# Killi's



## Scholz (Apr 21, 2010)

So the killi's started spawning....

I boiled some peat the other day and placed it in a jar and into the tank. The male brightened up right away and started to chase the women around. He wasn't smart enough to figure the jar out... so I had to go through two different jar mods to get one that works. 

Clear plastic = no good The male would just try and swim throught the plastic and not find his way in. I even put the lid on with a hole in it and tilted the jar on it's side.... He could get in and out but as soon as he got a female to follow him he forgot where the enterance was and tried to swim through the clear plastic again.

The answer was just a slightly transparent plastic. 
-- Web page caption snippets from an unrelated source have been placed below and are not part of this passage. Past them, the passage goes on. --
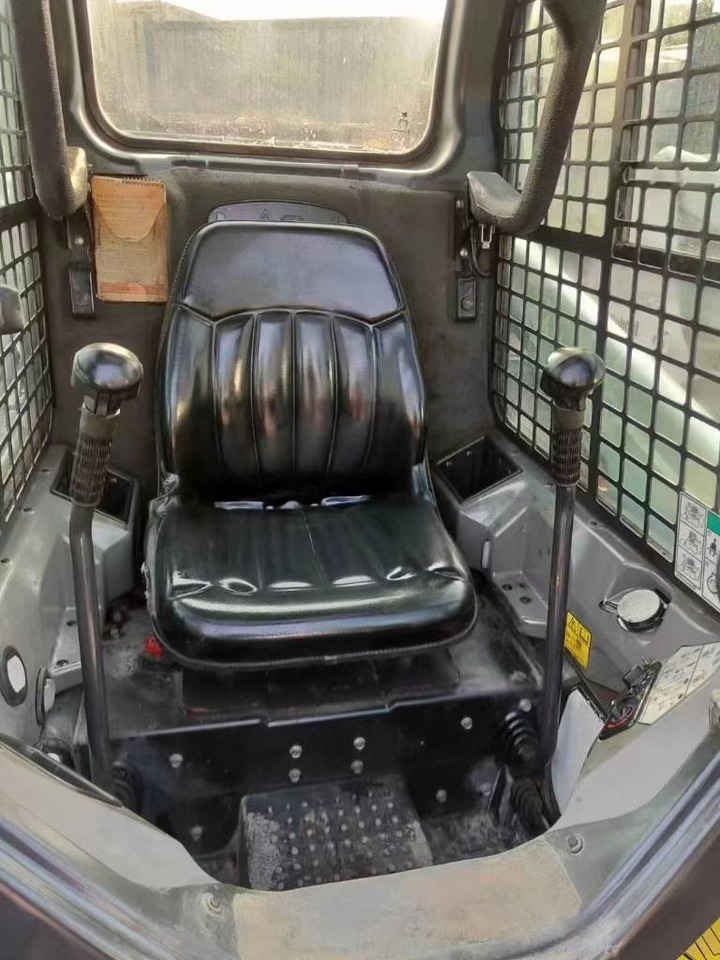Bobcat S 450 - Mini pá carregadora: foto 3 Bobcat S 450 - Mini pá carregadora: foto 3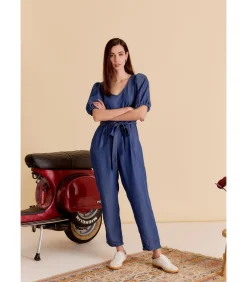 Blauwe jumpsuit met strik aan de taille en korte pofmouwen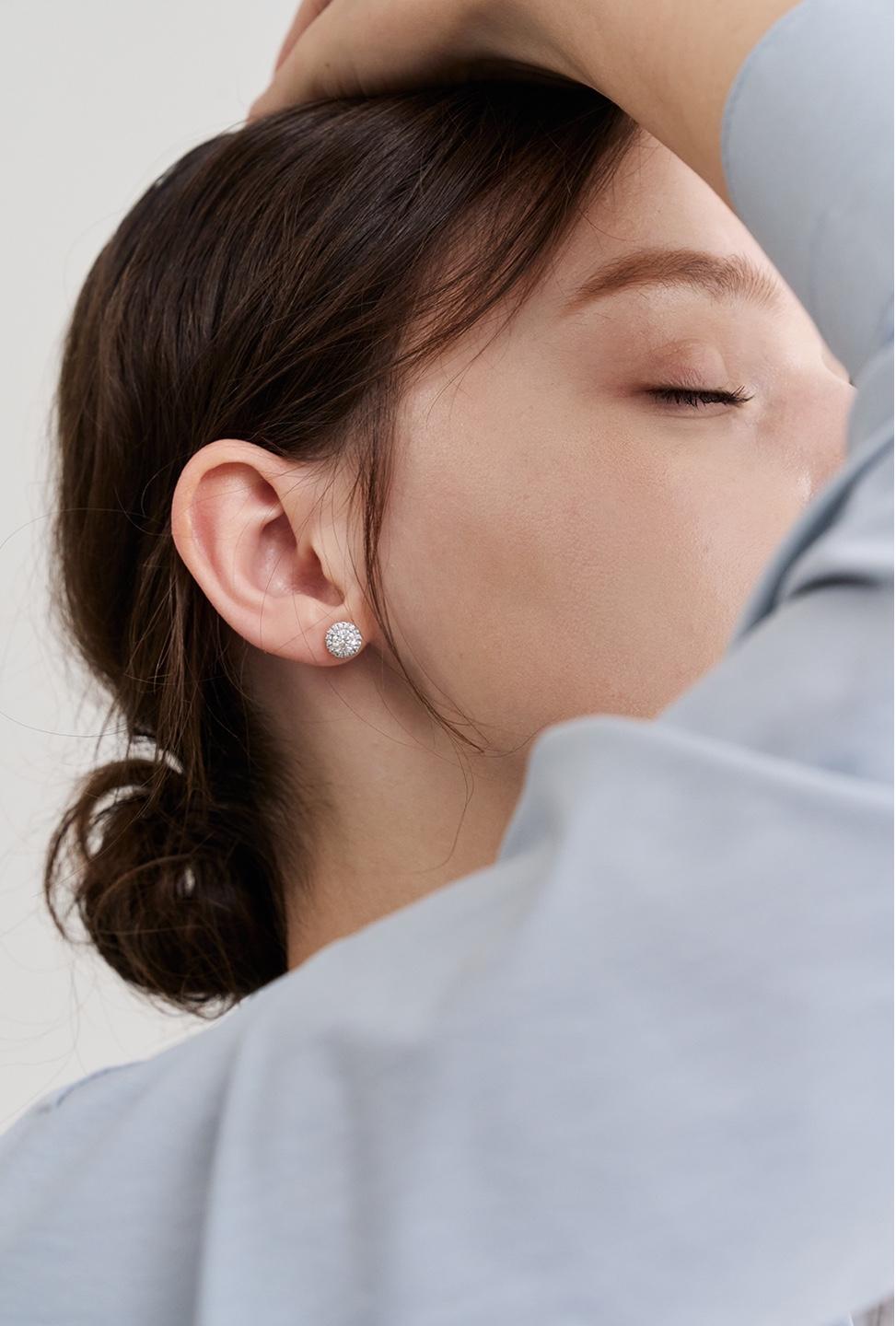 Lautre Moissanite Halo Earring White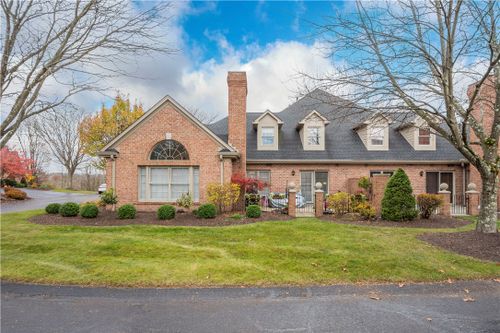 401 Appleridge Ct, Adams Twp, PA, 15044 | Card Image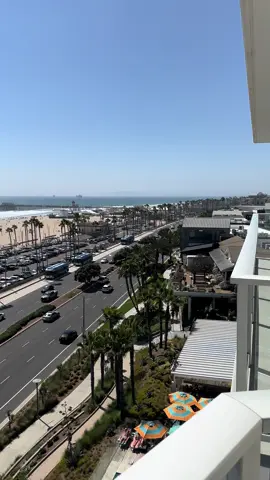 Balcony views from Pasea hotel #Huntingtonbeach #california 🏙️ ☀️ 🌊 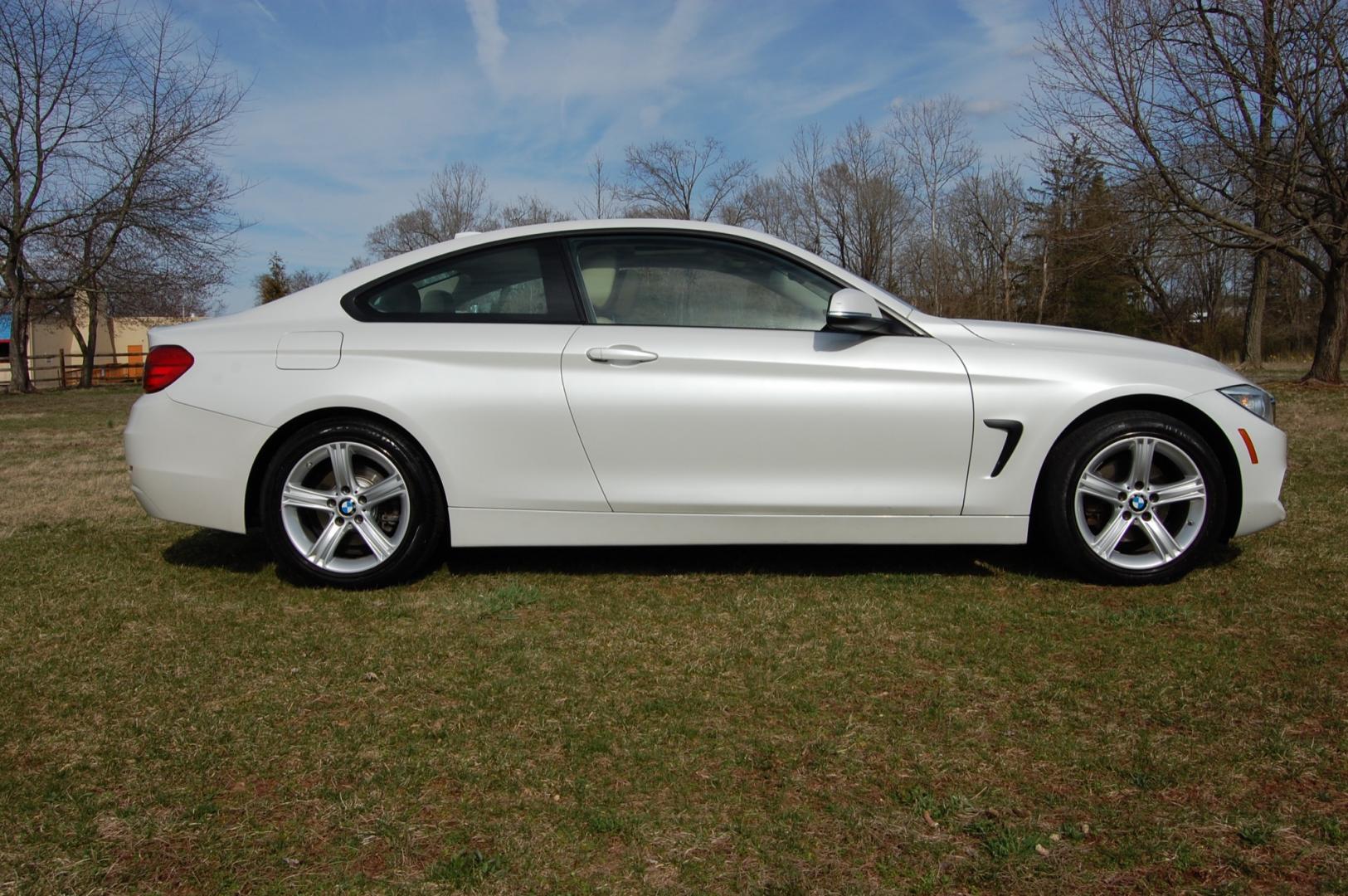 2014 White /Beige BMW 4-Series 428i xDrive (WBA3N9C54EK) with an 2.0L L4 DOHC 16V engine, Automatic transmission, located at 6528 Lower York Road, New Hope, PA, 18938, (215) 862-9555, 40.358707, -74.977882 - AWD 2.0L Turbo, 4cyl, Automatic Transmission, Beige Leather Interior, Wood Trim, Key less Entry, 2 Master Keys, Cruise/Tilt/AC, Power Widows, Power Locks, Power Mirrors, Power Moon Roof, Heated / Cooled Seats, AM/FM/CD/USB/AUX, Bluetooth, Navigation, Rear View Camera, Auto Dimming Mirrors, Dual Zone - Photo#3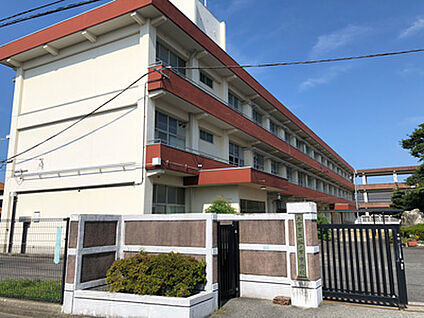 坂ノ市中学校 約1460m
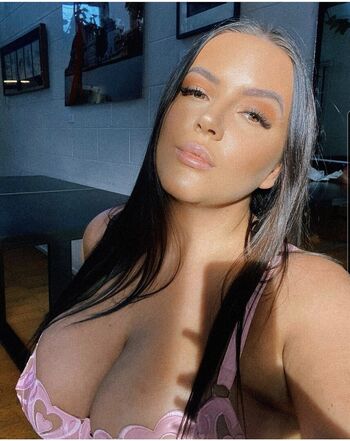 Full leaked Courtney maloney private onlyfans photo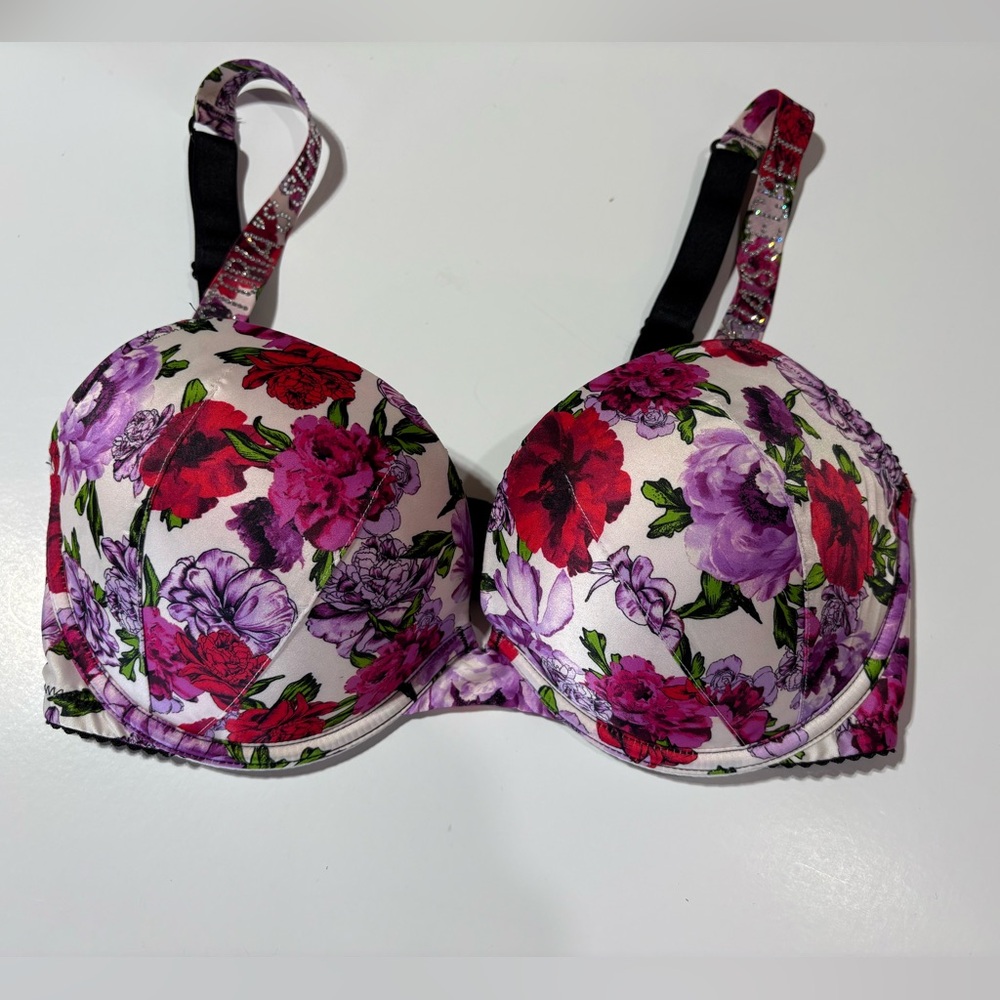 Victoria's Secret Very Sexy Push-Up Bra size 32DD
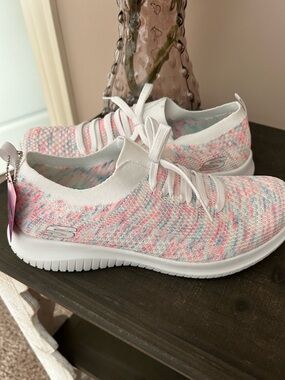 NWT Skechers Women's Ultra Flex(size 10)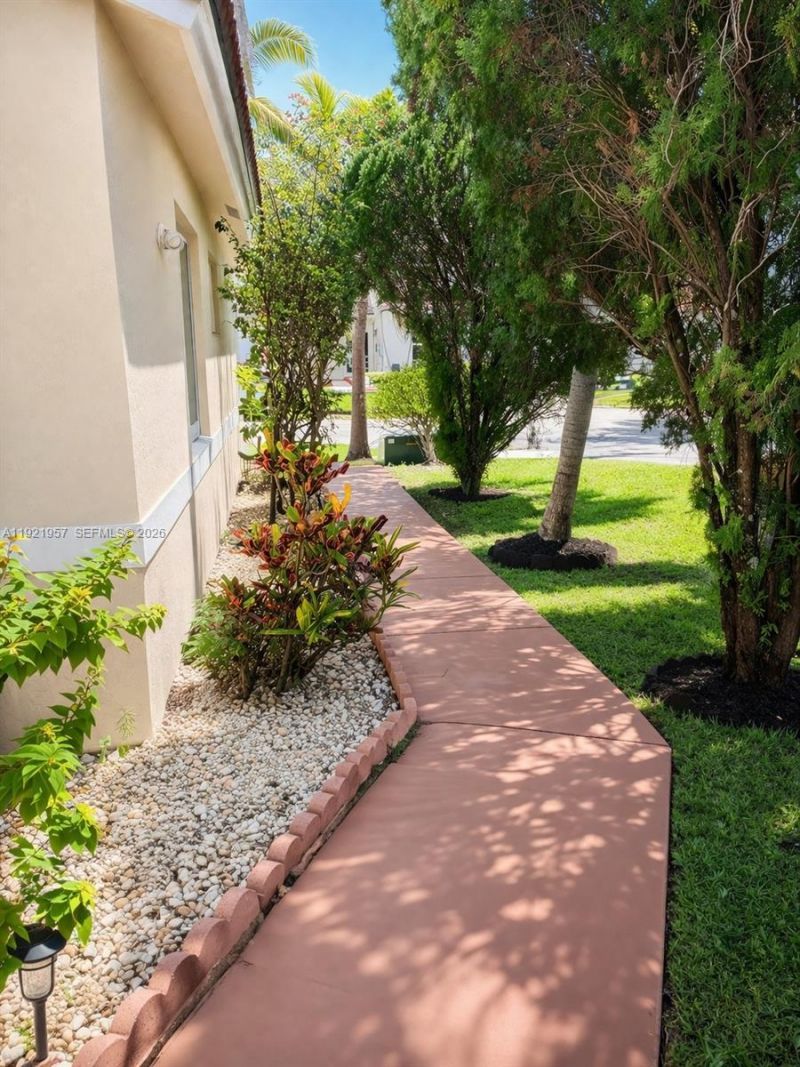 17253 NW 6th Ct, Pembroke Pines, FL 33029 Photo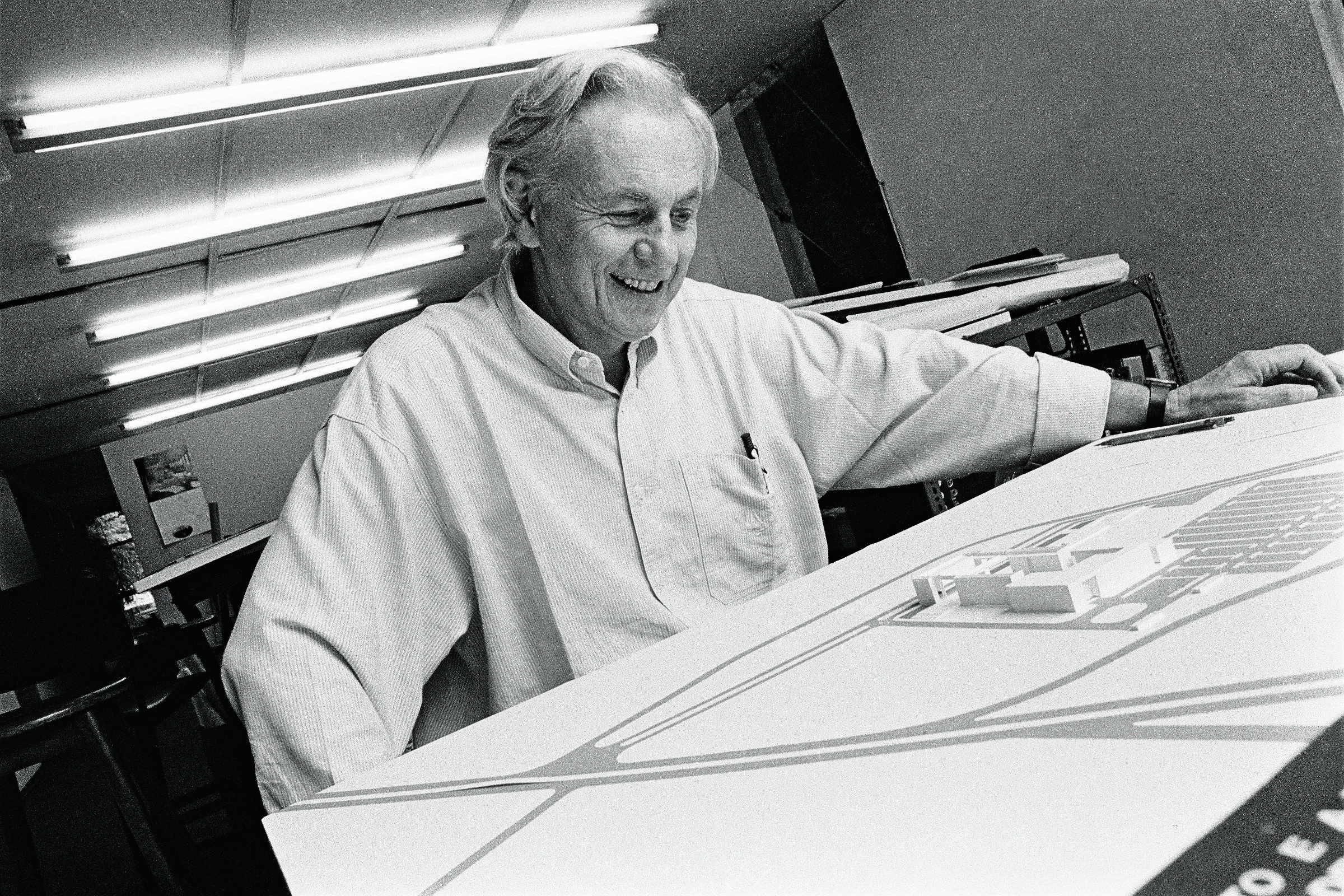 Morre Eduardo de Almeida, arquiteto que projetou a Biblioteca Brasiliana, aos 92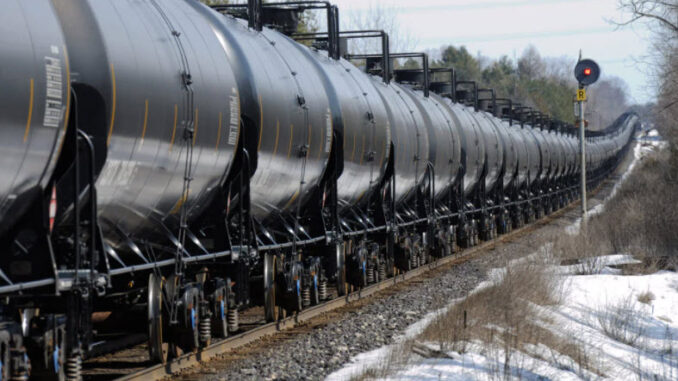 transport oil by rail car -energynewsbeat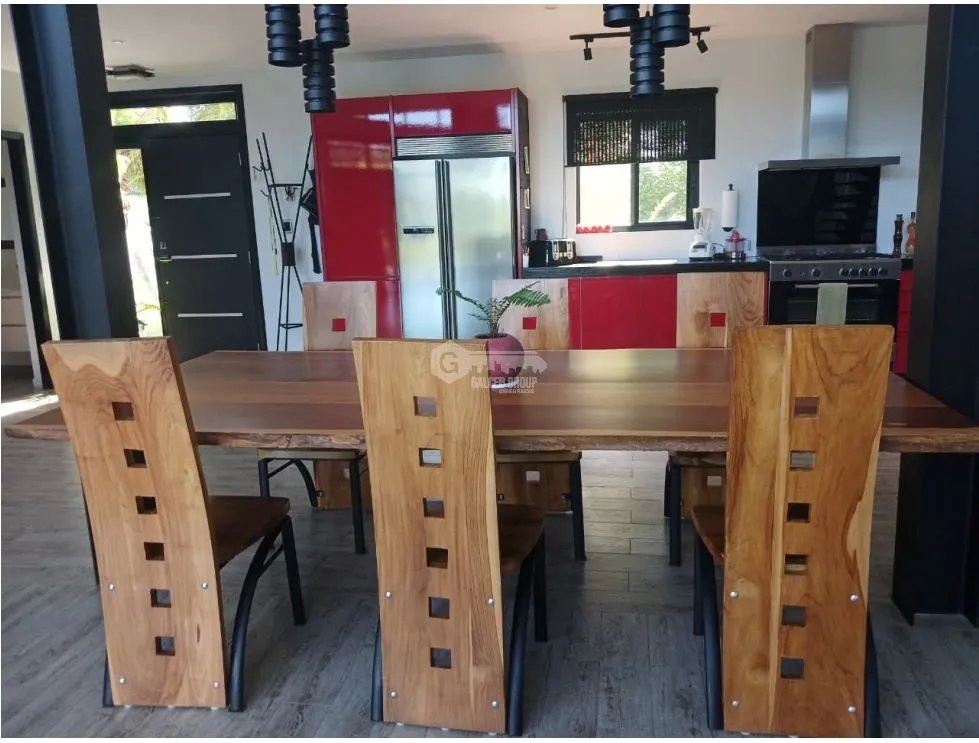 Single Family House for sale in San Carlos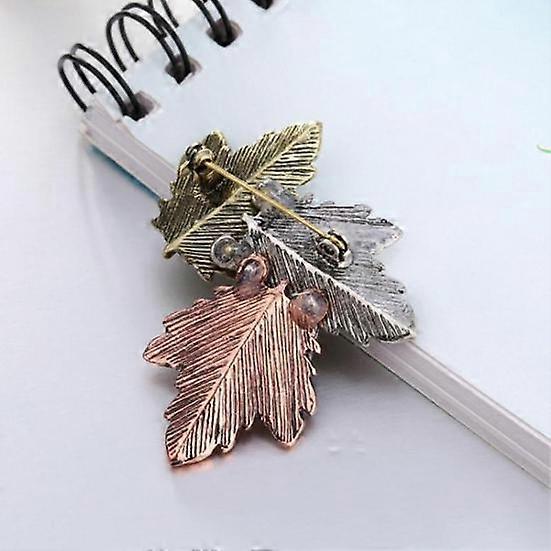 Creative Brooch Pin Maple Leaf Shape Costume Jewellery Exquisite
Going to wait two weeks and then harvest some eggs...


----------



## O.C.D Fishies (Apr 21, 2010)

Way to go your boy finaly figured it out. Didnèt take him to long. Just had to give them some privacy.


----------



## Scholz (Apr 21, 2010)

No I changed it.... and as soon as I did he got it on with three different girls!


----------



## user_error (Aug 15, 2010)

hey, so do you just collect the eggs and wait for them to hatch, or what?


----------



## Scholz (Apr 21, 2010)

Well All the Killi's I have are annuals. So the eggs need to be incubated OUT of water. In two weeks I'll take the Jar with the peat out. Pour it into a next and run some tap water with the same temperature through the peat. Then I'll squeeze every last drop of water from the peat. Place It in a bag Labeled with the type and collectiog date and expected hatch date. Ussually 3 months... can be more though....


----------